Lizz Wright knows the South. The singer-songwriter has called many parts of it home—from her upbringing in Hahira, Georgia, to college in Atlanta, to her current residence in Asheville, North Carolina, where she has lived since 2009. But she’s seen the region as a traveler, too. For her latest album, she set out on a road trip with friend and photographer Jesse Kitt, seeking inspiration from family history, friendly neighbors, and scenic drives. The result is Grace, a collection of eleven songs (ten covers and one original composition) produced by Grammy award-winning singer-songwriter, Joe Henry.
Garden & Gun is proud to premiere “Southern Nights,” a track from the album written by the New Orleans legend, Allen Toussaint. We talked with Wright about her love of the song, the making of the album, and the places where she finds inspiration. Stream “Southern Nights” and read the full interview below.
What drew you to “Southern Nights” when you were choosing songs for the album?
Joe Henry [Grace producer] brought me a couple of Allen Toussaint songs, but that’s the one I knew I could do. It’s a clear, but not over-the-top, announcement that this is a record about the South—or at least rooted in the South. I listened a lot to the Glen Campbell version… I really love that recording. It definitely feels like a real song of the South.
This whole album really speaks to a sense of place. What parts of the South have especially been inspiring to you?
I live just above a creek, and it’s always very active. It almost sounds like the ocean. It’s constant, and there’s lots of big rocks in it, so it’s got a great sound. It’s one of my favorite things. I remember what I was thinking when I started to pursue this place. I thought, I want a place where I can pray, and be quiet. I’ve begun to realize, as I’m getting older, that I was taught to go for a certain kind of stillness to get things done. I missed that in my life. I loved my grandmother’s property, out in South Georgia right above the Florida line, so I just thought I’d find some property where I could feel that again. And I did.
You took a road trip in preparation for the recording of this album, and you’ve said that you were looking for the “true voice of the South, in this moment.” What does that mean to you, and do you feel like you found it?
I never thought that we would be where we are right now. But I still know that people are the same. Historically and culturally—and just by our needs and by our nature—we are connected. So I just needed to be around that truth. I needed to be around people who carried the spirit of the earth, of where they live—including my neighbors, but also my family and the people around them. This road trip was my opportunity to feel that, and to make sure that it came through on this project.
You’ve said that Nina Simone, whose song (“Seems I’m Never Tired Lovin’ You”) you cover on this record, inspired you with a quote from her documentary: “It’s an artist’s duty to reflect the times.” How do you interpret that in relation to this album?
I had to remember, in making this project, that you can use the past to speak to the present. Initially, I was pretty turned off by the idea of doing a record of covers. But the beautiful thing about making a record with another songwriter is that you suddenly become two kids playing in a treasure trove of words. I mean, Joe and I have been friends for fifteen years. This is really just a document of a conversation between friends who are reaching across different genres of music, but who are both children of the South and who really love each other.

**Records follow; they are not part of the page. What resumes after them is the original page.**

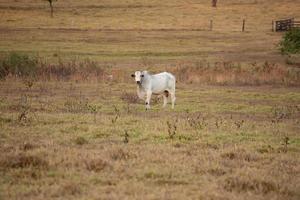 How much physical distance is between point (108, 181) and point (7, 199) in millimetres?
1864

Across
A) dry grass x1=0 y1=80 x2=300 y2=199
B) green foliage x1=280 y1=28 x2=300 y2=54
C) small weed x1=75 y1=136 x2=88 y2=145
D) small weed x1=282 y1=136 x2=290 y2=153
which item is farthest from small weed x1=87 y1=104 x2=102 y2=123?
green foliage x1=280 y1=28 x2=300 y2=54

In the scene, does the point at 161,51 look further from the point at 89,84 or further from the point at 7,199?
the point at 7,199

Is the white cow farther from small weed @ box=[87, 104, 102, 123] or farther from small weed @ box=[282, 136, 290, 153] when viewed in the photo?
small weed @ box=[282, 136, 290, 153]

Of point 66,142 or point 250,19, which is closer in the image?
point 66,142

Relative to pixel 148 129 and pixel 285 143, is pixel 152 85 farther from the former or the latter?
pixel 285 143

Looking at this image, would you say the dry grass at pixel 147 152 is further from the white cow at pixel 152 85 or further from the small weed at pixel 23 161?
the white cow at pixel 152 85

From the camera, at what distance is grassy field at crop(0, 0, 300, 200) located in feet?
32.9

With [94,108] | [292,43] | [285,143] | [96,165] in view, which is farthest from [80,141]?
[292,43]

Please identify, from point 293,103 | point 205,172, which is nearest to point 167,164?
point 205,172

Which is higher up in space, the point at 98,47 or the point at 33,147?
the point at 98,47

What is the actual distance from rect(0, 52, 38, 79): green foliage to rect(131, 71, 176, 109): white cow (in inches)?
353

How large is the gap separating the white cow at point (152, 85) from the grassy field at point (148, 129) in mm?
534

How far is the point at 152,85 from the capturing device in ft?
71.3

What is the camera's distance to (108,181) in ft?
33.3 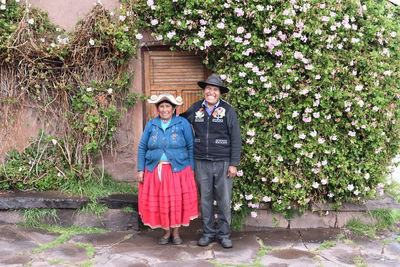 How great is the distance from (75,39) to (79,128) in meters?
1.17

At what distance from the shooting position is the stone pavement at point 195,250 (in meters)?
4.44

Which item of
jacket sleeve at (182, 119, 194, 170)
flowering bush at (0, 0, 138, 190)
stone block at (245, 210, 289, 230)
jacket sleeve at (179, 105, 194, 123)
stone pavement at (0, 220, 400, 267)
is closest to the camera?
stone pavement at (0, 220, 400, 267)

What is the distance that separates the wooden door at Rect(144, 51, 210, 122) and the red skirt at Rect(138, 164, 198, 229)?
1375 mm

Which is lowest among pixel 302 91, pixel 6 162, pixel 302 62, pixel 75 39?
pixel 6 162

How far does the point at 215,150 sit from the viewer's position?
15.5 ft

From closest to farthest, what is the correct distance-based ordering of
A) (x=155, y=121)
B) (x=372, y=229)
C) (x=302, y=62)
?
1. (x=155, y=121)
2. (x=302, y=62)
3. (x=372, y=229)

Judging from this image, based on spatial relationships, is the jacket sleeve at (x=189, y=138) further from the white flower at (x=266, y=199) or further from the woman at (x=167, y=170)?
the white flower at (x=266, y=199)

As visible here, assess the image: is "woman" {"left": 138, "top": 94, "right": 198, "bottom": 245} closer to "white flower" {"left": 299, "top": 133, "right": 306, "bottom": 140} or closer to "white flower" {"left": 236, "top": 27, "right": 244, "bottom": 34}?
"white flower" {"left": 236, "top": 27, "right": 244, "bottom": 34}

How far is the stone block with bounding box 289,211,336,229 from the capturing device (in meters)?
5.61

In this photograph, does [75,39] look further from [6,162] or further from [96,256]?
[96,256]

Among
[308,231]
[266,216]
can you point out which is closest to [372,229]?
[308,231]

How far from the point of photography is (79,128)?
18.5ft

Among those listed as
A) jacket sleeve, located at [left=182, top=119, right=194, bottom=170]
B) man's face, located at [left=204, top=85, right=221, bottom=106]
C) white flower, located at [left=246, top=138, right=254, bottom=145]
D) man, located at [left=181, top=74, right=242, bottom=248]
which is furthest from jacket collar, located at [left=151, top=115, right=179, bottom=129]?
white flower, located at [left=246, top=138, right=254, bottom=145]

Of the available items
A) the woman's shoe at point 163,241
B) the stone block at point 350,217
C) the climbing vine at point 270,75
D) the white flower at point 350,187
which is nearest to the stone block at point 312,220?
the stone block at point 350,217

You’re a gardener, and you enjoy working with the land. Are there aspects of gardening that you find to be helpful in your art?
Absolutely. Gardening is a working meditation for me. It helps me remember process, and it helps me remember patience. I have taken over the garden at an art school in the South Side of Chicago [where I live part-time]. Kids who are off track to graduate from high school on time come to be immersed in the arts and in an accelerated general studies program. I plant the garden from seeds, and when the light isn’t close enough, the little “starts” have these long necks and they kind of flop over. Sometimes I see the kids with their challenges as these starts that didn’t quite get the right initial formation. But if I just take the tray out of the greenhouse, the plants straighten themselves out in the power of natural, full-on light. [That gets me] thinking about people, and what it means to be exposed to full love and forgiveness and patience, and real investment, and how quickly things can turn around.
Fans often say that going to your live shows is a spiritual experience, like going to church, even though your music isn’t necessarily religious. Why do you think people come away with that impression?
I’ve realized in recent years that I’ve gotten my cues from really, really great preachers, and really great churches. The church is an institution of music and of production and performance, and it has to do with taking people to places inside of themselves and giving them an opportunity to sit deep in their own feelings, and to be together and deeply alone at the same time, and to process things… Without being directly religious, and certainly without backing or promoting any ideology, I enjoy trusting people to have their own experience.